Duck if there is a chance to create a second control. The lead of a K (from KQ) to a declarer’s AJx should be ducked in order to create an additional control. This specific play is called the
Bath coup. Declarer should watch for the opponents to signal to not continue to play that suit (possibly a low card to discourage).

There is also the famous Rule of Eleven, already mentioned. Against NT it is often possible to assume that the opening lead was the fourth highest card in that suit. By subtracting the value of the card led from 11, the result is the number of cards in the other three hands that are higher than the one led. Declarer can make inferences about what the right-hand opponent is holding in that suit. Likewise, the right-hand opponent can then make inferences about declarer's holding in the suit by examining his own and dummy's holdings. The rule can be modified to subtract from 12 if the lead is thought to be third best, and from 10 if the lead is thought to be fifth best.

Duck a lead can be used to block communication between opponents in a suit that is dangerous to the declarer. As an example, the opponents lead a 9, which can be presumed to be the fourth highest card in that suit. Declarer holds Axx and dummy holds Kxx, so the rule of eleven tells us that the right-hand opponent only holds 2 or 3 cards, all lower than the 9. Logic tells declarer to duck the lead, ensuring that the AK holding will cut communication between the opponents. Taken too early, the lead might allow the right-hand opponent to continue to communicate with the partner allowing them to finally exploit the suit of the opening lead, and even to defeat the contract.

Duck a lead can have a psychological effect, particularly if the right-hand opponent does not have an easy signalling option, and the declarer can enhance that confusion with false carding. This can often incite the opponents to continue in that suit, to the benefit of the declarer.


Identify the more dangerous opponent - the lead on the first trick often tells the declarer which of the opponents is the more dangerous. Declarer will want to leave the lead in the hand of the weaker or less dangerous opponent. This is often easier said than done!

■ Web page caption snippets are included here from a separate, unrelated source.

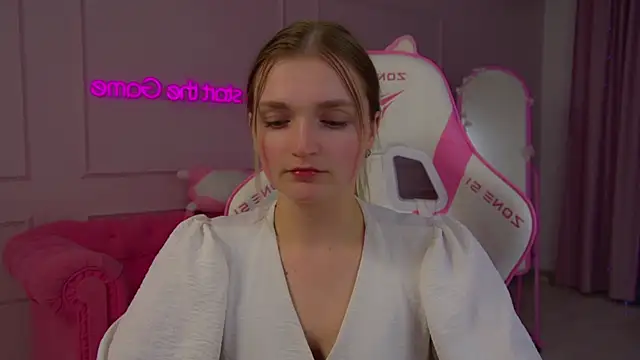 Chatroom XXX en direct de AnnyRaii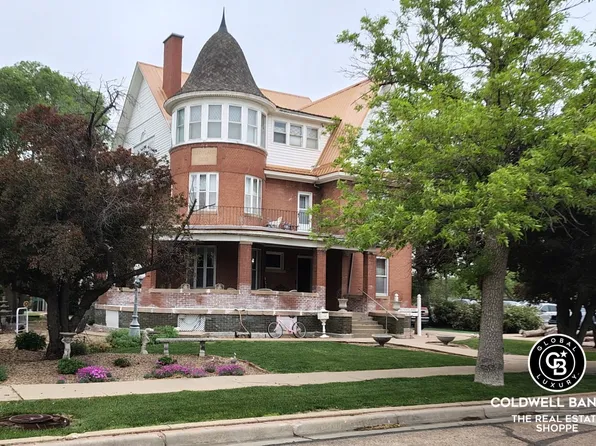 501 N 5th St, Garden City, KS 67846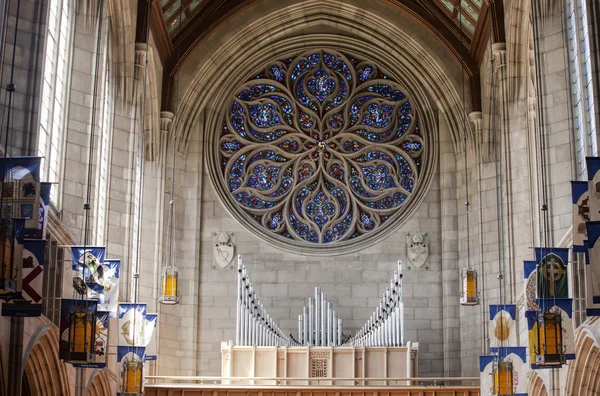 Pfeifenorgel in der Kirche. — Stockfoto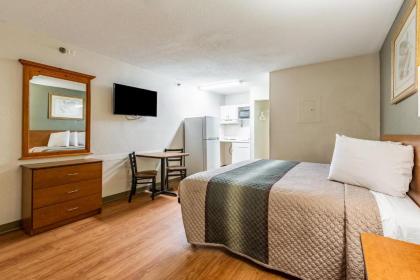 HomeTowne Studios by Red Roof Atlanta NE – Norcross South - image 8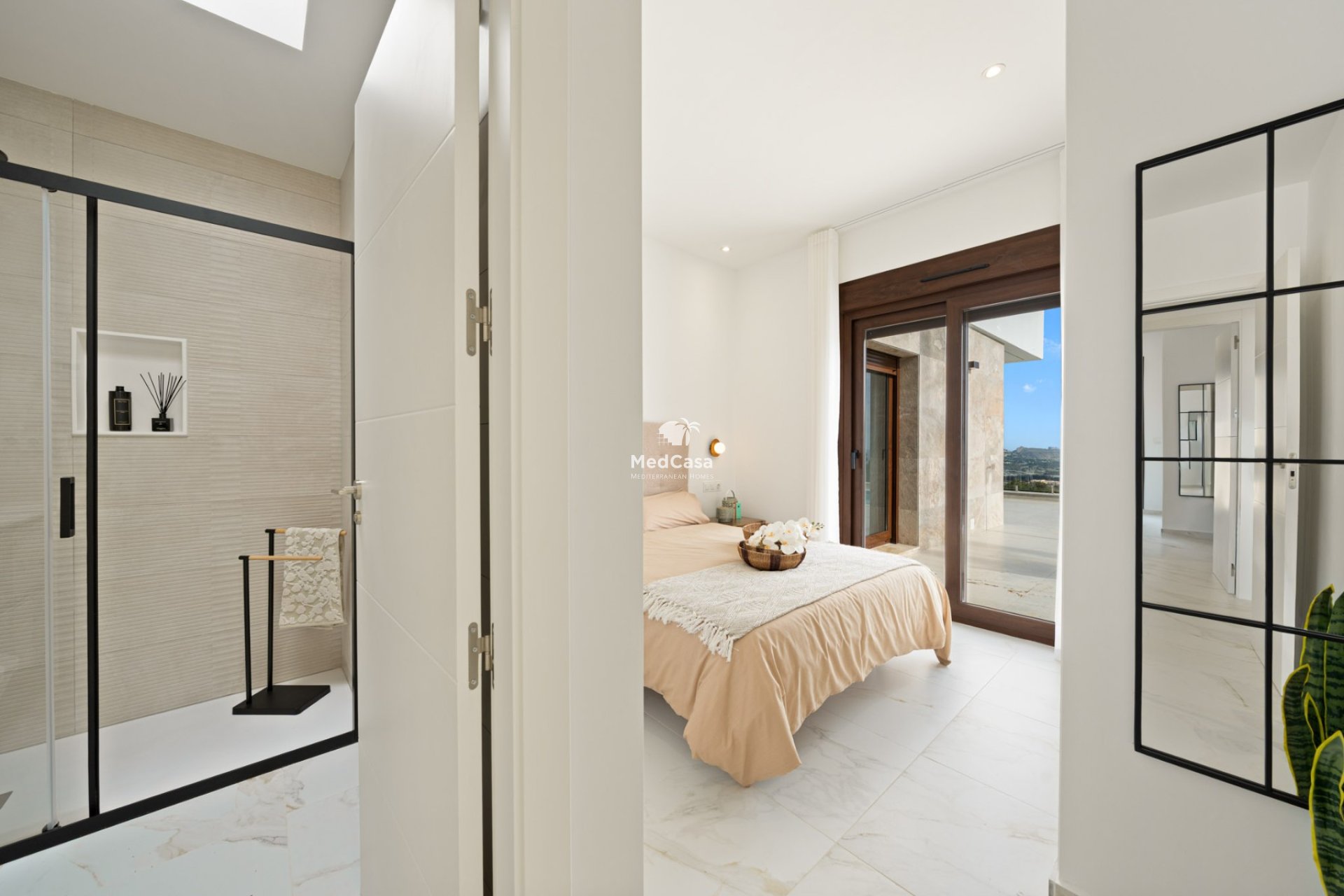 Obra nueva - Villa -
Polop de La Marina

It is easiest to see this technique with an example. Declarer plays 3NT after the left-hand opponent had opened a pre-empt 3 Diamonds. The lead is the 3 of Diamonds, and declarer holds Kx in Diamonds with xxx in the dummy. Firstly, we should assume that the left-hand opponent holds 7 Diamond cards (so the lead of the 3 of Diamonds is a signal that the left-hand opponent probably holds an entry in clubs), and the right-hand opponent only holds one card in Diamonds. Therefore the right-hand opponent can not lead back Diamonds, therefore the dangerous opponent in on the left, and declarer should aim to play into the right-hand opponent. What does this mean in practice? Let us assume that declarer holds J 10 9 x in Clubs, with Axxxx in the dummy (and needs the Club tricks to make the contract). After taking the K of Diamonds, declarer should lead J of Clubs. If covered by the dangerous left-hand opponent, declarer will use dummies Ace, and play back Clubs hoping that the right-hand opponent has the outstanding honour. If the left-hand opponent plays low, dummy plays low and the right-hand opponent wins. The dummies A should (hopefully) drop the remaining Clubs honour with the right-hand opponent.
But what if the left-hand opponent after making the pre-empt bid, actually leads a small Spade? We know the distribution of Diamonds, and this is a clear message that the left-hand opponent is holding at least AQxxxxx. The Spade lead can not be showing a 4-card of better Spade suit, so it is probably a play to what opponents hope is a control or length with the right-hand player. In any case the aim of the opponents is for the right-hand player to eventually take control and to lead Diamonds through declarer’s Kx in Diamonds. Now the danger is with the right-hand opponent. How now to play Clubs? Declarer should lead the J and if covered by the left-hand opponent, play low from dummy. If the left-hand opponent plays low, dummy plays the Ace, and declarer hopes that the left-hand opponent is holding Kx must win the second round of Clubs. This is not a perfect play, but it is the only sensible way to play the hand.
Here we see that the dangerous hand can be either, depending upon the lead on the first trick. The good point about this situation is that the plan to play the cards is simple once the danger is identified.
But that does not mean all such situations are simple. Take a hand where declarer in playing 3NT against an opponent who opened with a weak 2 Hearts, and leads K of Heart. Declarer is holding Ax in Hearts with xxx in dummy. So the right-hand opponent has two Hearts, and declarer will win the second round lead of Hearts, to cut communications between opponents. Declarer needs to play correctly the Clubs, holding Qxxxx and with Axx in dummy. The “classical” play would be to play up to the Ace, and back to the Q, but this would certainly allow the left-hand opponent to gain control and play the remaining Heart winners. A “normal” finesse does not work because declarer is not holding the J 10 and 9 of Clubs. Playing up to the Ace, would allow a skilled opponent to unblock the hand by playing the K under the dummies Ace, leaving his partner with an entry with J 9x in Clubs. The only correct play is to lead from under the Ace in dummy towards the Q, assuming that the right-hand opponent is holding Kx or Kxx. The right-hand opponent can win with the K of Clubs but can not play to the partners Hearts. If the right-hand opponent plays low, the Q wins. The next play is a small Club back towards the Ace in dummy. But dummy must play low to allow (force) the right-hand opponent to win the trick. The Ace will draw the last Club and promote the remaining xx Clubs in declarer’s hand. This again is not a perfect play, but it is the only winning play when the honours in Clubs are split.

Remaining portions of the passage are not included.